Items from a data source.
----------
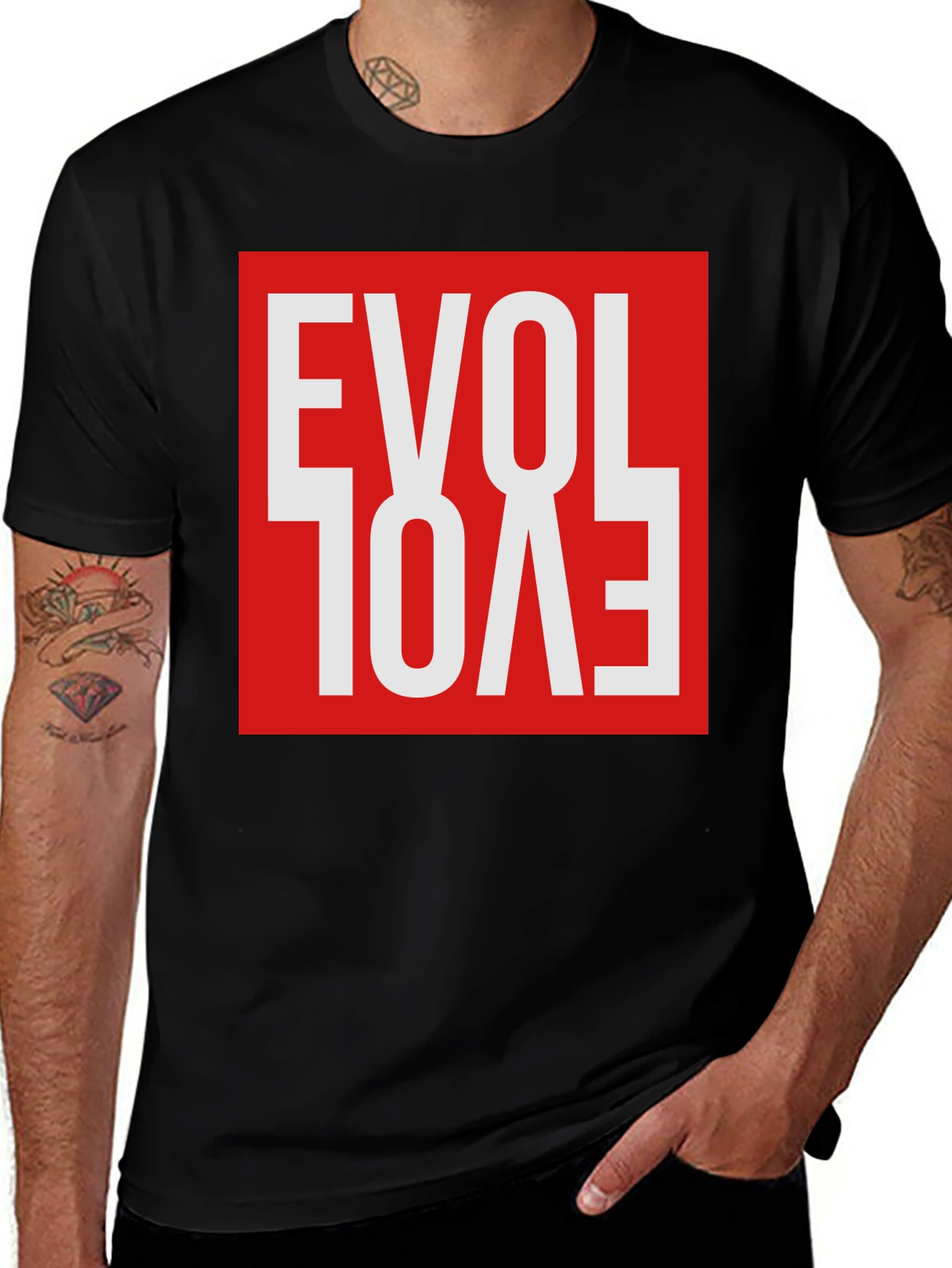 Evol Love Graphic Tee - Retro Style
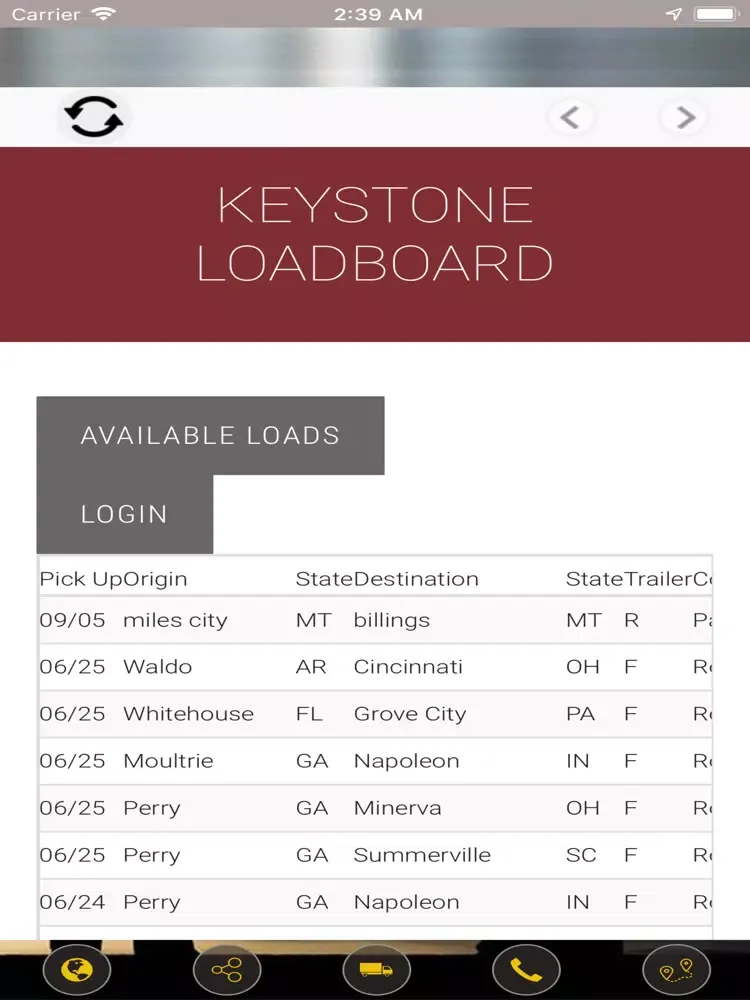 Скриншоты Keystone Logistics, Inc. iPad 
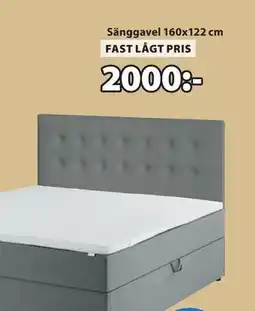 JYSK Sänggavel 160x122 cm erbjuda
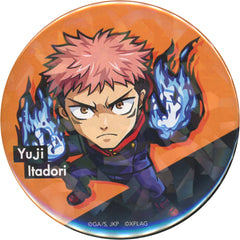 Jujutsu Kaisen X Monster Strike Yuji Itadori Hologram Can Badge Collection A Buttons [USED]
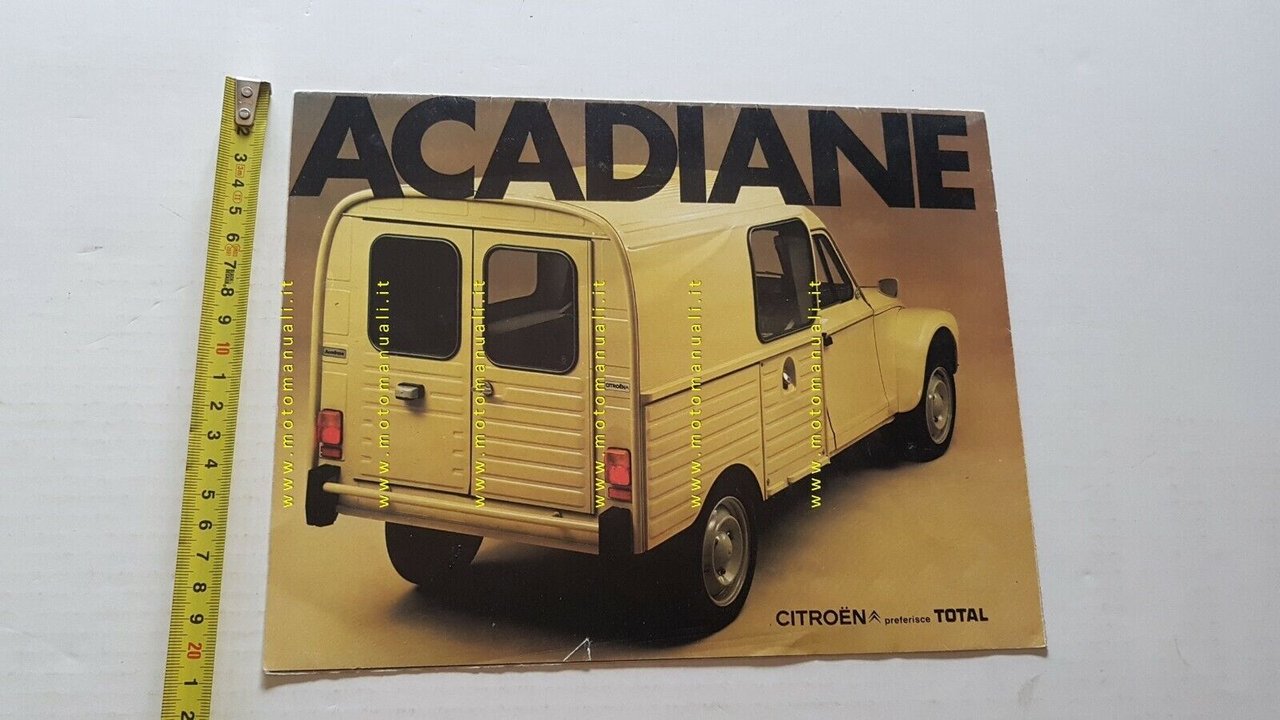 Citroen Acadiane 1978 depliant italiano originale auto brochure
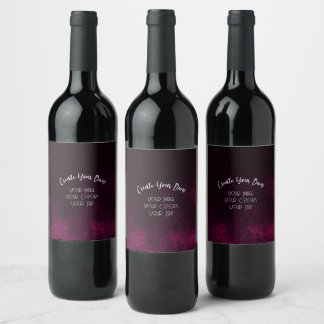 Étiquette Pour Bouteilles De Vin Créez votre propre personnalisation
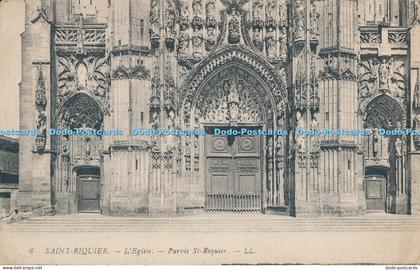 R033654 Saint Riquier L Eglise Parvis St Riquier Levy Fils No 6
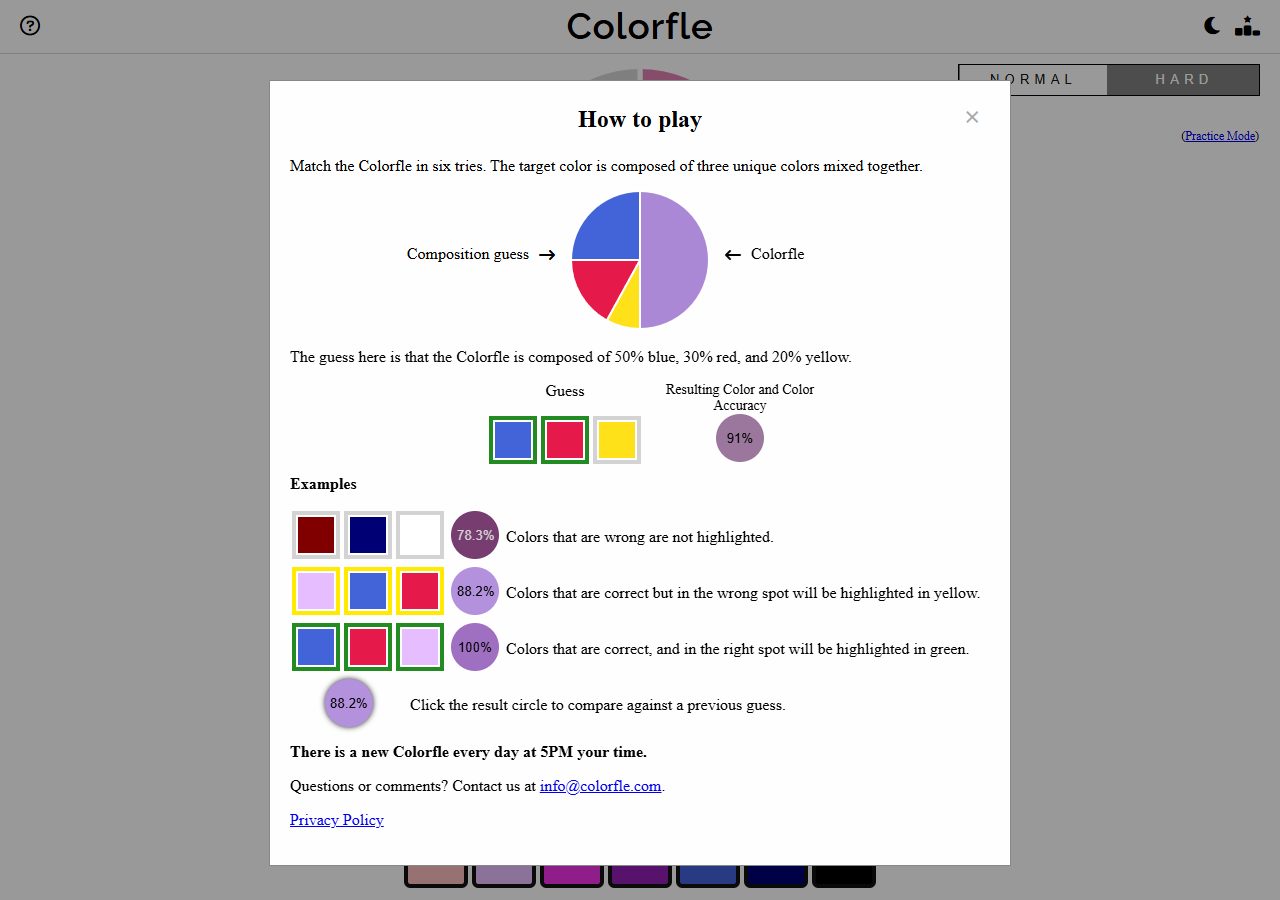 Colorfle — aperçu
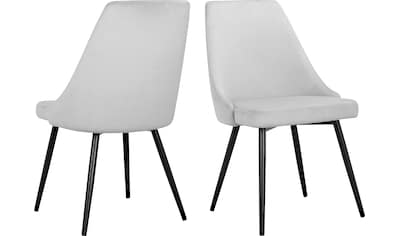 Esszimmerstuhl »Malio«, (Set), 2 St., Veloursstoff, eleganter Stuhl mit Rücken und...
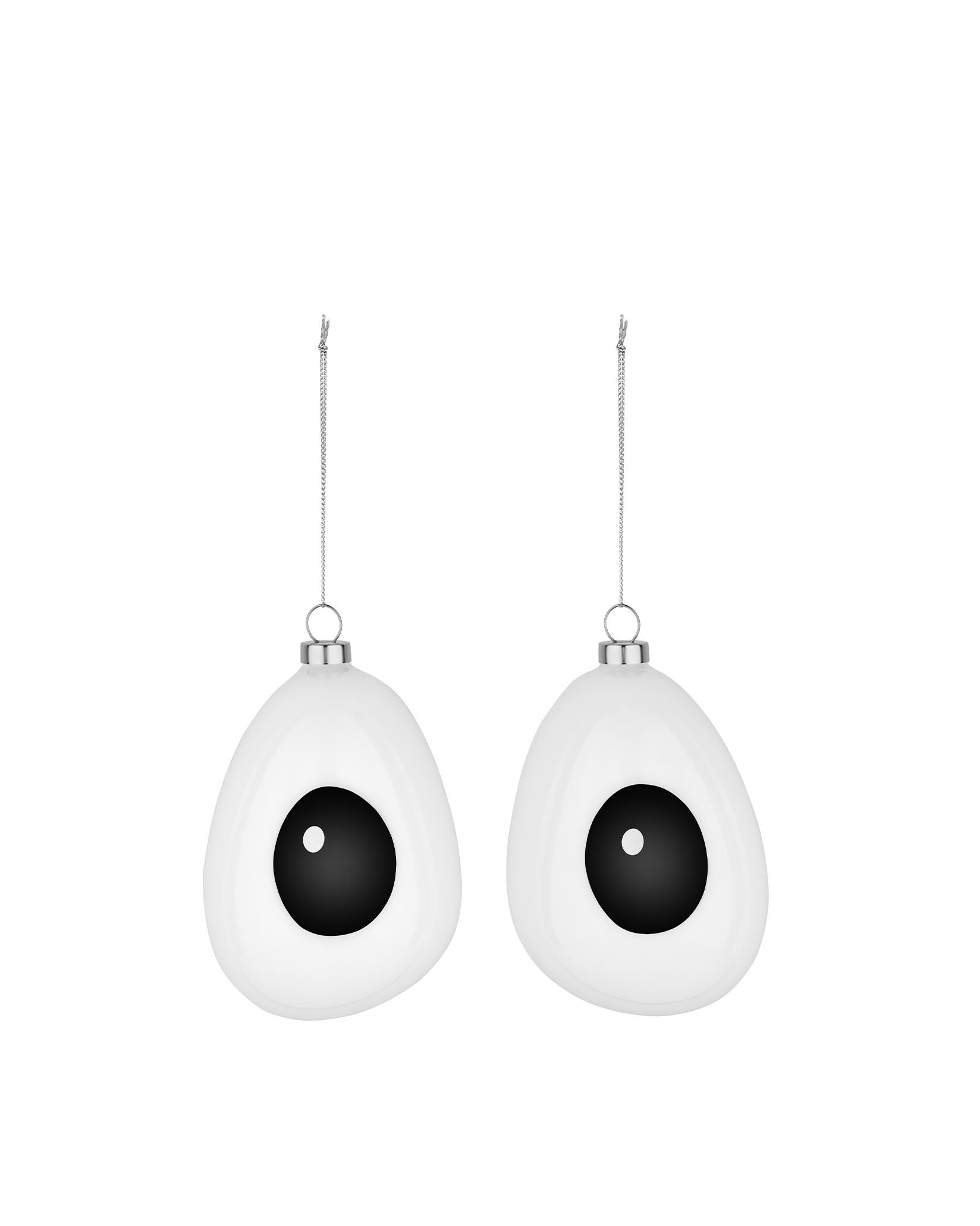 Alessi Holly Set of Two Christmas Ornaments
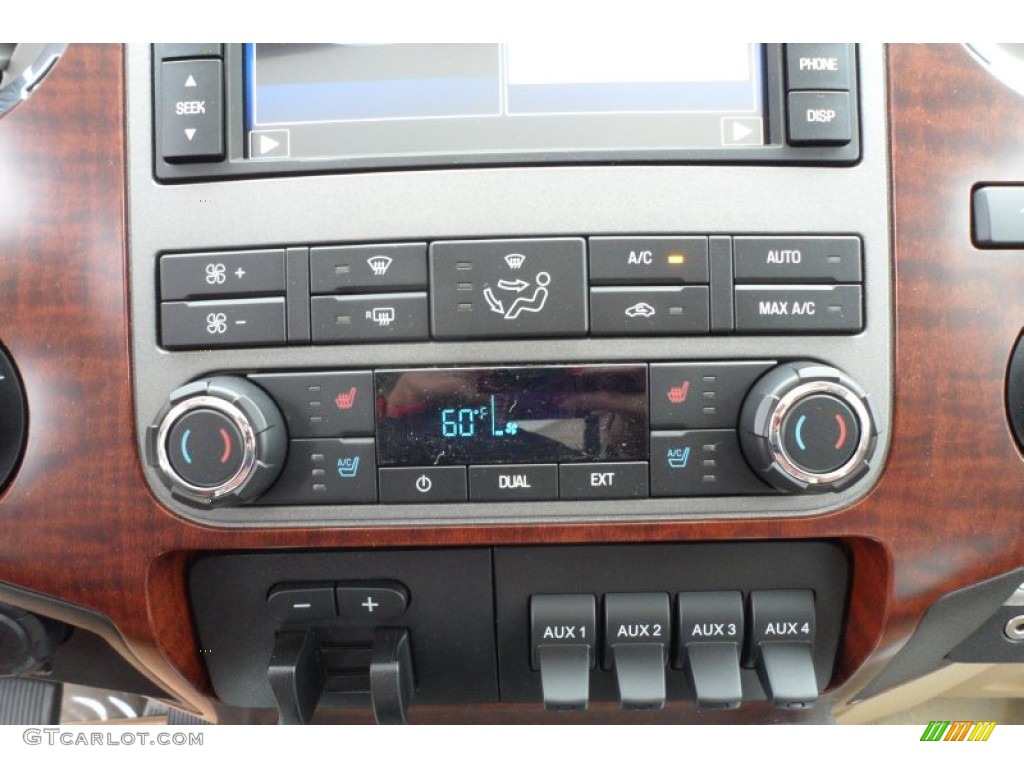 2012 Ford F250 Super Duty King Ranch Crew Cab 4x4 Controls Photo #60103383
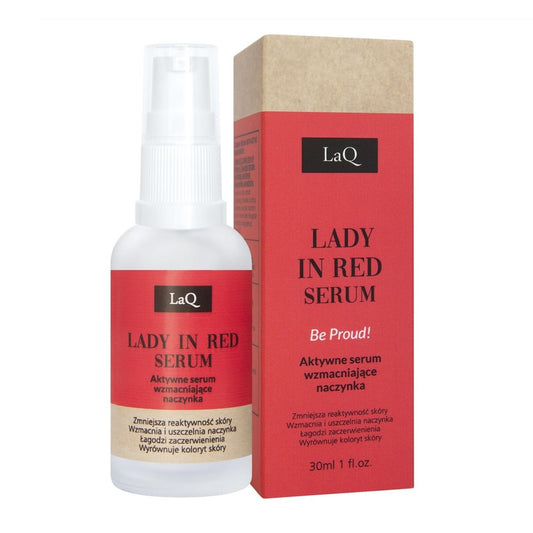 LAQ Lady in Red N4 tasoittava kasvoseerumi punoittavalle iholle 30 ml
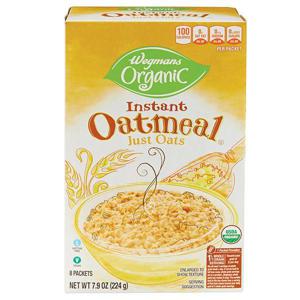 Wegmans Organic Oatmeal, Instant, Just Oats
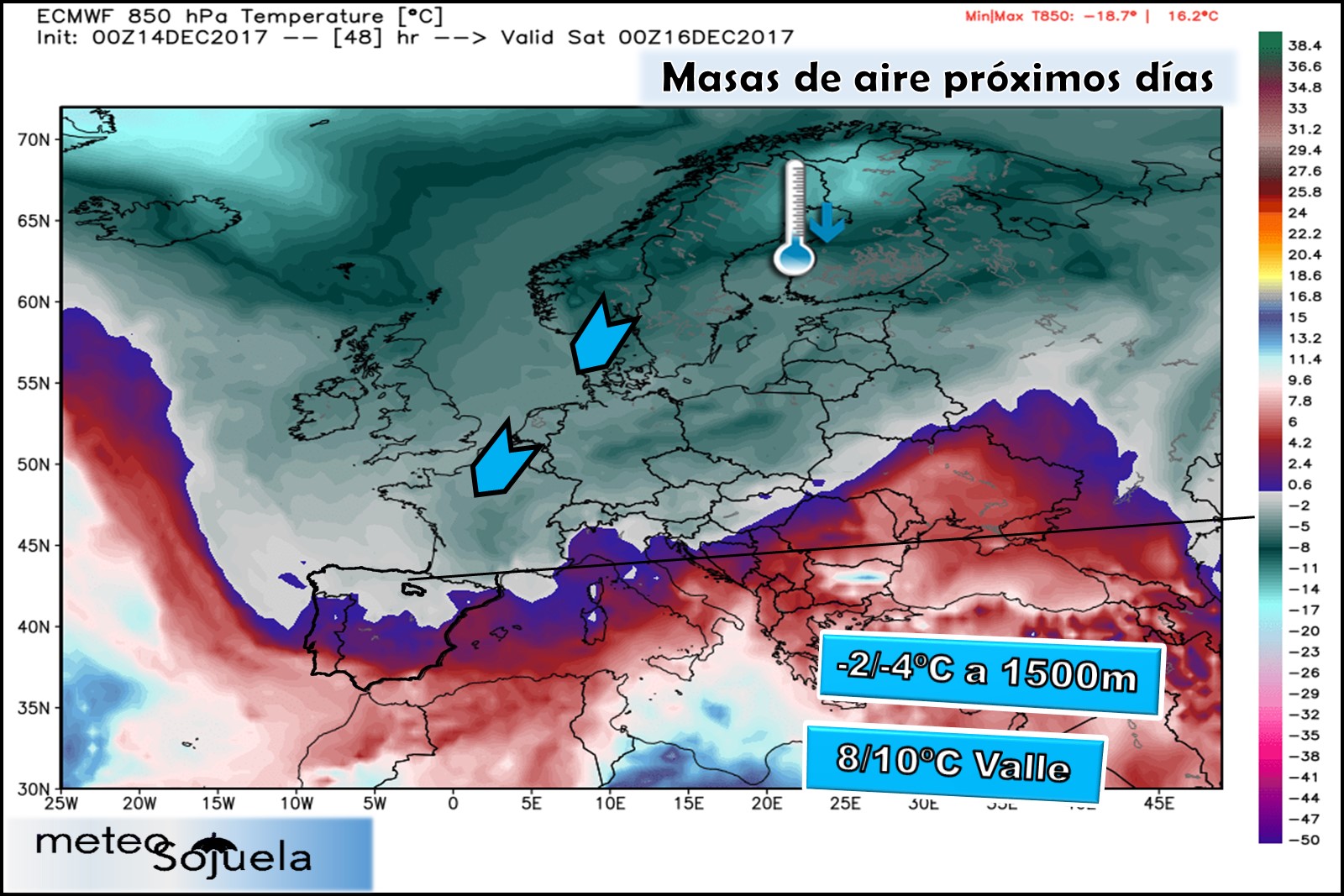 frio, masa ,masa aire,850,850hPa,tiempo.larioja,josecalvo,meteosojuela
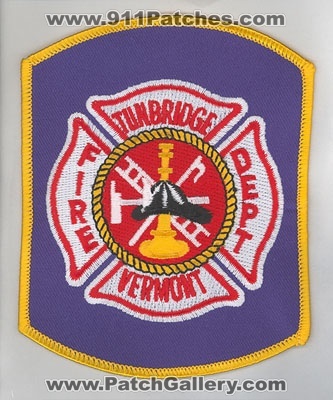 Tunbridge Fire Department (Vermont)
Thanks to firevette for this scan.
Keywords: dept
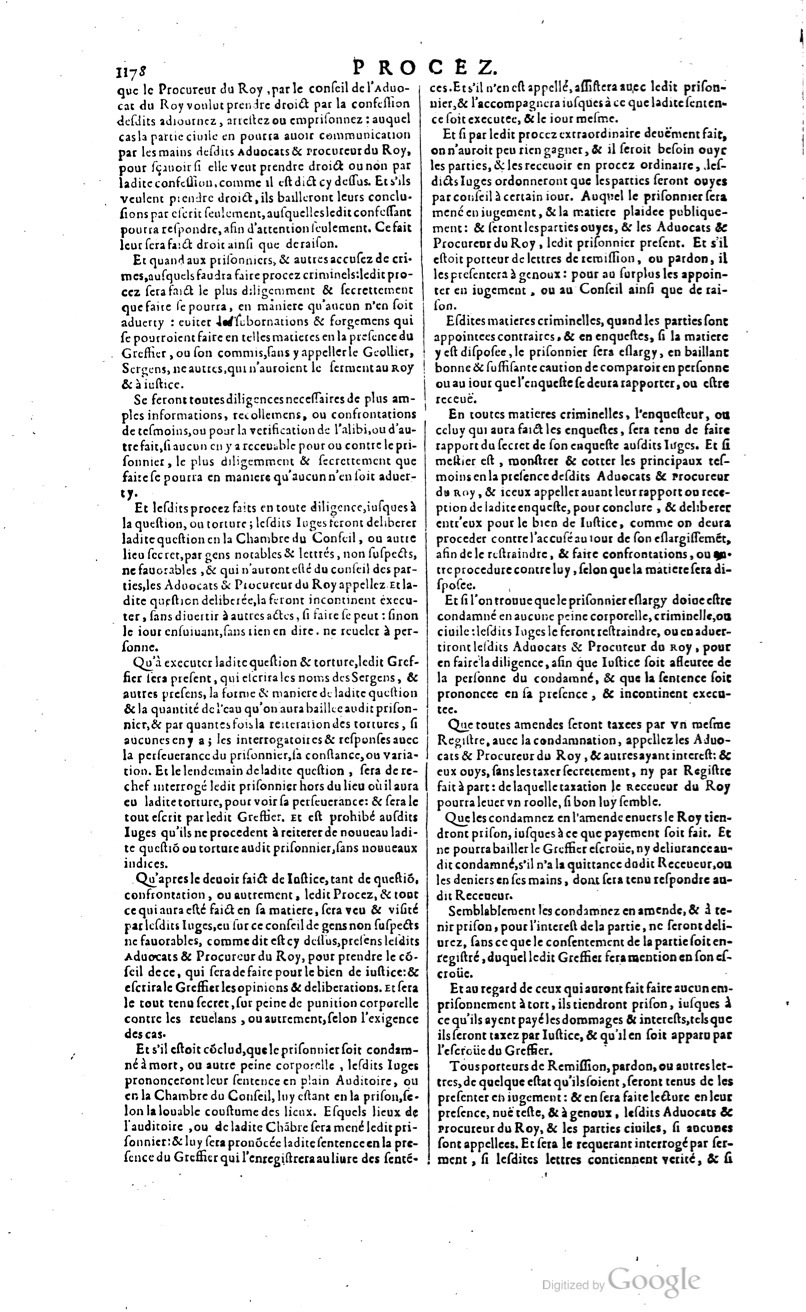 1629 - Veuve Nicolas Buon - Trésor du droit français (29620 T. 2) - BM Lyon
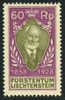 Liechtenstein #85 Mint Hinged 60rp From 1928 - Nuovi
----------
What the exercise asks. Go to the line that contains "Keywords: dept" and copy it and every line after it through the end of the entries, exactly, without the pictures.

Output of the exercise.
Keywords: dept
 1629 - Veuve Nicolas Buon - Trésor du droit français (29620 T. 2) - BM Lyon
 Liechtenstein #85 Mint Hinged 60rp From 1928 - Nuovi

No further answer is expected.